Among the lines below, a stretch begins at the one with "Thumbnail 2 in" and ends at the one with "Dewalt vsr drill". Repeat that stretch exactly, ends included.

"""

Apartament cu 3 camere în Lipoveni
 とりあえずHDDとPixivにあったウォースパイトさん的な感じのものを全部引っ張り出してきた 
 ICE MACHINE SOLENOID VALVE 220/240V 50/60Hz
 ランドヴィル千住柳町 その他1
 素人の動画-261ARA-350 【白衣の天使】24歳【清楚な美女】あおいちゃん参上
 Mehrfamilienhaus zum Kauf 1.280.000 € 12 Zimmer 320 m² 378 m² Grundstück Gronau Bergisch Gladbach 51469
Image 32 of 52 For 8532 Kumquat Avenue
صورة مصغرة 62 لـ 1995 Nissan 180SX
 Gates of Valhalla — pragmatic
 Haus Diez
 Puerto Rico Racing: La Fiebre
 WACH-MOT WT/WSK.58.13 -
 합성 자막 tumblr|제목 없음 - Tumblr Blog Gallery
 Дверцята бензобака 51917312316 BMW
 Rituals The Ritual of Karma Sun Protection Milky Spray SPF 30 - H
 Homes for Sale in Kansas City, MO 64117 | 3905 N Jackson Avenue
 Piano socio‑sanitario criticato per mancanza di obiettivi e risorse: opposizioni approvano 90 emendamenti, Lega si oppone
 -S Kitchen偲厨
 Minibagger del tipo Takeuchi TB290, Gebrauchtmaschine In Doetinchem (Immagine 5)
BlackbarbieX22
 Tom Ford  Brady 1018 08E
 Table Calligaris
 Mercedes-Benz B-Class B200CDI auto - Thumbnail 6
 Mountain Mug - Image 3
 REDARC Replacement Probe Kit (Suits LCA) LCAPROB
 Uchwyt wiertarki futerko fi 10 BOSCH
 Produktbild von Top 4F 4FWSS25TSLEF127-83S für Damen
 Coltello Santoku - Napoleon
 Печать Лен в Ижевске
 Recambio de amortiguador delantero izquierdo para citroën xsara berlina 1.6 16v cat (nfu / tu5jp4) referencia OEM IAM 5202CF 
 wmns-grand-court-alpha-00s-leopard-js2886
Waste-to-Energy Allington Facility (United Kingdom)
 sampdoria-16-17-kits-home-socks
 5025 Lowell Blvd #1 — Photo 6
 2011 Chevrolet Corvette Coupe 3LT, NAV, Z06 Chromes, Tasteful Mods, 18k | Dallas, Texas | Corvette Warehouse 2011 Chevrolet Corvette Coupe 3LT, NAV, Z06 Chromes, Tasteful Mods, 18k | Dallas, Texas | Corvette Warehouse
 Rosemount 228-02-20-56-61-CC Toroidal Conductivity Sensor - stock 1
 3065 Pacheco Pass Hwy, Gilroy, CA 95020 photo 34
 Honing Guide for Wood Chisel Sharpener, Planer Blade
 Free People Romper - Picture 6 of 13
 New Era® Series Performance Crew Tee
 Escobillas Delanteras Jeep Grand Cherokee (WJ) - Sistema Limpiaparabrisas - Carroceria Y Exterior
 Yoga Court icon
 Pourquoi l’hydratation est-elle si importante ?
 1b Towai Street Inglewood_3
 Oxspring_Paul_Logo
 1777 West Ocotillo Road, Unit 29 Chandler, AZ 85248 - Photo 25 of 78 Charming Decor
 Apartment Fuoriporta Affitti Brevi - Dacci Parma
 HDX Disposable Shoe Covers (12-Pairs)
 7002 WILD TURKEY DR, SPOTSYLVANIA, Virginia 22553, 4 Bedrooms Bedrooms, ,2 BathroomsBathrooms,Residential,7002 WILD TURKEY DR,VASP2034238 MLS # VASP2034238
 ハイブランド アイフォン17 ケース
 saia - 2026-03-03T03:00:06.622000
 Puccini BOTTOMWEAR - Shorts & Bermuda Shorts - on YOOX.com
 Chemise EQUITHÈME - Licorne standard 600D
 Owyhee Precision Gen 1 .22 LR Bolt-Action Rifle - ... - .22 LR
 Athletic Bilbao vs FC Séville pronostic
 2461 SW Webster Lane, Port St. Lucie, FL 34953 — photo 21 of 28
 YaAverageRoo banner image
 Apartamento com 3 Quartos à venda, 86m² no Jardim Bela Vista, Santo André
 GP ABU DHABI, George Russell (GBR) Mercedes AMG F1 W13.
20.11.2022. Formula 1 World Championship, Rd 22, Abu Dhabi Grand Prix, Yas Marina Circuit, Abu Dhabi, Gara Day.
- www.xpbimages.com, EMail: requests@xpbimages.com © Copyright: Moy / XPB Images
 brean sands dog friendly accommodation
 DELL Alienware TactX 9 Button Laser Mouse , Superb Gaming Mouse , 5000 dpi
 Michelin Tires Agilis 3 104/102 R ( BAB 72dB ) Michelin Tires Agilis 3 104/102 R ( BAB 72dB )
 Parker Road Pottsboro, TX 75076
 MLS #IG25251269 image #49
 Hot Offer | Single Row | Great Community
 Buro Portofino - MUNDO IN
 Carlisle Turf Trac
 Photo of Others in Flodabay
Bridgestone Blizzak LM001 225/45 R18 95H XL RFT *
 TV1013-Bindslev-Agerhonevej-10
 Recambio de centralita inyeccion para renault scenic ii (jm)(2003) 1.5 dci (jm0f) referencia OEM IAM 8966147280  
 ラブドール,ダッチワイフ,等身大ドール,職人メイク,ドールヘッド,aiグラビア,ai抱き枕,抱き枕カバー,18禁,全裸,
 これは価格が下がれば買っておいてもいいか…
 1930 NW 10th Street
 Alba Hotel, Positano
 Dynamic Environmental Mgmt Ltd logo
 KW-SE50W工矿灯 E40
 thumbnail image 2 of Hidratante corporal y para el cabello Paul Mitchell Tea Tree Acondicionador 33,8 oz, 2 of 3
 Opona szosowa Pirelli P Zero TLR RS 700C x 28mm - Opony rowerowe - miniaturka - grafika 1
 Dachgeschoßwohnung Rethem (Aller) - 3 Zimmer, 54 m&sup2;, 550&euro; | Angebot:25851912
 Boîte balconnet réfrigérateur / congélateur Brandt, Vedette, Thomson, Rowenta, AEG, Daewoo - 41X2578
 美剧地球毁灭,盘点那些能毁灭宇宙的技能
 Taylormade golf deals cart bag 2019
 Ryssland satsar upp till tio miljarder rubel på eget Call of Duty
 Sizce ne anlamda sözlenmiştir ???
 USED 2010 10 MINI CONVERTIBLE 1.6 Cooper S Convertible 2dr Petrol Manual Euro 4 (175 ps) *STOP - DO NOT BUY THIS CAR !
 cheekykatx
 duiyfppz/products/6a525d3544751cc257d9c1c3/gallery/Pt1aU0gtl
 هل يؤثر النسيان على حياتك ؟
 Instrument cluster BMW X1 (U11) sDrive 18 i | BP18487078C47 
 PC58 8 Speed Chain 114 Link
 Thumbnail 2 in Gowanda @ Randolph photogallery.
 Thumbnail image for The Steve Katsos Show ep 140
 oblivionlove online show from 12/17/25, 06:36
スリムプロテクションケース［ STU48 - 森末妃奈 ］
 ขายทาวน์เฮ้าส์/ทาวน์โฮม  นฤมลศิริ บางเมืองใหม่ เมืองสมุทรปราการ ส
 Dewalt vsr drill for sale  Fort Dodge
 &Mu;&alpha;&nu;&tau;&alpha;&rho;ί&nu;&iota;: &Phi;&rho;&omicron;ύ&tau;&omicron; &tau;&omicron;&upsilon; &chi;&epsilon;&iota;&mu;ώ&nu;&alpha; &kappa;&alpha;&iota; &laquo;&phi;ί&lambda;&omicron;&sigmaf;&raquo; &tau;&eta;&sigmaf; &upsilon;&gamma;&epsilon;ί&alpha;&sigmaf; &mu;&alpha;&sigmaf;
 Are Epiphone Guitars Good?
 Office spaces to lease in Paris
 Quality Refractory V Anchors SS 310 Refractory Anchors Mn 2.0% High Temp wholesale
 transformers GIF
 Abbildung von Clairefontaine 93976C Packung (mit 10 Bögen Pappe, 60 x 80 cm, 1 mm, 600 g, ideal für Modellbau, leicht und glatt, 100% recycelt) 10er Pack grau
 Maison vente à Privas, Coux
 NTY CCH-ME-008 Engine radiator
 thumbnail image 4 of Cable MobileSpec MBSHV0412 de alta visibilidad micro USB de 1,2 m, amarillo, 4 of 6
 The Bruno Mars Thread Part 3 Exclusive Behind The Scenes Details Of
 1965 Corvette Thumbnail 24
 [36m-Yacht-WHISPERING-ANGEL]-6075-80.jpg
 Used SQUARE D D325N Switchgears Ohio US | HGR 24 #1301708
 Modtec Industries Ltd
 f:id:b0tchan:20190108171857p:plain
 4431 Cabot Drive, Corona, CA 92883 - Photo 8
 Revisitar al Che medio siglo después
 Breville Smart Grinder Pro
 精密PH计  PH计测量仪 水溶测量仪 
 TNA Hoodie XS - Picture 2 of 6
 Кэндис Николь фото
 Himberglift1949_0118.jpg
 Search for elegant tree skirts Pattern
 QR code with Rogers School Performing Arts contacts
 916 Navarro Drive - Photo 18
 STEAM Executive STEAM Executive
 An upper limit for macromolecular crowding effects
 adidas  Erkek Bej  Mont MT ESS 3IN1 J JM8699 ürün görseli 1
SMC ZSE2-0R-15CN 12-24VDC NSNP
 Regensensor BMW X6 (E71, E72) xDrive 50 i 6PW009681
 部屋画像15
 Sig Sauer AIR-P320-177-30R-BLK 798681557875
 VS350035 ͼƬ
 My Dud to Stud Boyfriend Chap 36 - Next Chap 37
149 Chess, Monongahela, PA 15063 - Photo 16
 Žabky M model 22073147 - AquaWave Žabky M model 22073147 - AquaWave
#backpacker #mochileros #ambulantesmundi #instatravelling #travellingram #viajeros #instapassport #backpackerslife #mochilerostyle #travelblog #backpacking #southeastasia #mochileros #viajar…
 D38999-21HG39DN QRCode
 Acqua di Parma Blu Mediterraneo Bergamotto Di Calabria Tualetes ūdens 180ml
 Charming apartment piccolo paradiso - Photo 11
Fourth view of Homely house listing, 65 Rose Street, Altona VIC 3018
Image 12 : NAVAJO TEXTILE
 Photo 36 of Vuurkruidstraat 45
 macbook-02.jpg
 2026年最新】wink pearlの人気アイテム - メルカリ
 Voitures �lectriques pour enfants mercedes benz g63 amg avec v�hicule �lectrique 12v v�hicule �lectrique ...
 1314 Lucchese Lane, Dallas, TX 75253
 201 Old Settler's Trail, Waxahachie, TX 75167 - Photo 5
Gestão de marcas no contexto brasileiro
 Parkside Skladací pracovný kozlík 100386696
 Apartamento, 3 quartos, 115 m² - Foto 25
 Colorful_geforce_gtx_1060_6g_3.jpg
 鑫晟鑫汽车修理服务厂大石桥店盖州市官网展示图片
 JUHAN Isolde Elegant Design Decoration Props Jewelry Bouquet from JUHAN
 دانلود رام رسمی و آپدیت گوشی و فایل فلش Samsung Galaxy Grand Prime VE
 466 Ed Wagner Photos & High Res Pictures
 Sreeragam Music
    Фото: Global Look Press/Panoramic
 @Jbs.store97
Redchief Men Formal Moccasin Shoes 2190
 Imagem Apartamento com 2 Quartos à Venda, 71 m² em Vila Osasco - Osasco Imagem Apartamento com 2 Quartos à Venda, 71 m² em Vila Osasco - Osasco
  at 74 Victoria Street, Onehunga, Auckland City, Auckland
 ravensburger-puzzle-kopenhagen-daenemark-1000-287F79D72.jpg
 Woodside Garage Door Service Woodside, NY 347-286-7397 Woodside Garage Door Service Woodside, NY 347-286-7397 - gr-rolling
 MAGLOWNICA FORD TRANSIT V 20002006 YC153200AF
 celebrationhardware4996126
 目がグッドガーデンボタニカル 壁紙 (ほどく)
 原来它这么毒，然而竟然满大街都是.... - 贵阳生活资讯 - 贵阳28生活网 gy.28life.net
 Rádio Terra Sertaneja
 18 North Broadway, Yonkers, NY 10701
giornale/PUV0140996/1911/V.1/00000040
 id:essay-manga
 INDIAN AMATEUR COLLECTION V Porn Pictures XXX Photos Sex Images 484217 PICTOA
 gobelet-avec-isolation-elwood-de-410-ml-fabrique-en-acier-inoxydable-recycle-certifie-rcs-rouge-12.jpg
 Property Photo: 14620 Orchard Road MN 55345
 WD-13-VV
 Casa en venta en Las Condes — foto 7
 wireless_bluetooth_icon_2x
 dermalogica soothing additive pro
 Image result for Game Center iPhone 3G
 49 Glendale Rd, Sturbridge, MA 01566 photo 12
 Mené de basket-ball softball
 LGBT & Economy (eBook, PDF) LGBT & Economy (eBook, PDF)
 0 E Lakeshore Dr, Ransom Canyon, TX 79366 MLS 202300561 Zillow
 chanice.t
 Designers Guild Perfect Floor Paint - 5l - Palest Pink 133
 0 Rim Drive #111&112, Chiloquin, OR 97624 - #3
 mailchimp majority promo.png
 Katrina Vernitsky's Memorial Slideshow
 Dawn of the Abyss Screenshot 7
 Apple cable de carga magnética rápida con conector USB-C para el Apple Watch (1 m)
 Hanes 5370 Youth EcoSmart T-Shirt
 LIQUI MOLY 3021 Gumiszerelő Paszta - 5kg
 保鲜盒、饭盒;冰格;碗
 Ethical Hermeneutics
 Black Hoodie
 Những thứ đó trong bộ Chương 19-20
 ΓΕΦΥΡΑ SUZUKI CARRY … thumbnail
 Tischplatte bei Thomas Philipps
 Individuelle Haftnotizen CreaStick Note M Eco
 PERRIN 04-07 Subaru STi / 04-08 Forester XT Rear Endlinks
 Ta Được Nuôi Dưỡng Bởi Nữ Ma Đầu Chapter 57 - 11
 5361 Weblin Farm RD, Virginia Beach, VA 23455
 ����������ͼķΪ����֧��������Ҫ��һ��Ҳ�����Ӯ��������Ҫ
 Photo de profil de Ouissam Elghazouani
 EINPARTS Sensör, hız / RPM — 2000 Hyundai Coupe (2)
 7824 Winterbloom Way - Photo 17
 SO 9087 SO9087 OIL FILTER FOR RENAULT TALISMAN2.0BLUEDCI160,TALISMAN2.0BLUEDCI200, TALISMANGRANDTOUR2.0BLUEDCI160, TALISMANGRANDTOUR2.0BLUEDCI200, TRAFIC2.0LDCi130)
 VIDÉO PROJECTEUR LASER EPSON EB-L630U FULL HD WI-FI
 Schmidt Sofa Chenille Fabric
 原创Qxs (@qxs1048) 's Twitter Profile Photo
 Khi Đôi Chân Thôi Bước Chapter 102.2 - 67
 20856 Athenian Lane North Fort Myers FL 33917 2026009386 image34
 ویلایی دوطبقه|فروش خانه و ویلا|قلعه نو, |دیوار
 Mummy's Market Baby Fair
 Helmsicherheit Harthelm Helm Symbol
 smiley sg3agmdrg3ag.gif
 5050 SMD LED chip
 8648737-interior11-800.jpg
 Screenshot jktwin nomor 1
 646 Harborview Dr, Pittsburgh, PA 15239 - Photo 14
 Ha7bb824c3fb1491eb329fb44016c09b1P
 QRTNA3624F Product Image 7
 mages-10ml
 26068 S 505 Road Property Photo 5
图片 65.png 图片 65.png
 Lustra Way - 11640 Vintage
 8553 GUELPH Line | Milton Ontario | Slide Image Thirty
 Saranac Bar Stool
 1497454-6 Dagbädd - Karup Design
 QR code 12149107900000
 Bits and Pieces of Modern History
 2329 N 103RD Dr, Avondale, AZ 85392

"""

Output for this exercise –
 Thumbnail 2 in Gowanda @ Randolph photogallery.
 Thumbnail image for The Steve Katsos Show ep 140
 oblivionlove online show from 12/17/25, 06:36
スリムプロテクションケース［ STU48 - 森末妃奈 ］
 ขายทาวน์เฮ้าส์/ทาวน์โฮม  นฤมลศิริ บางเมืองใหม่ เมืองสมุทรปราการ ส
 Dewalt vsr drill for sale  Fort Dodge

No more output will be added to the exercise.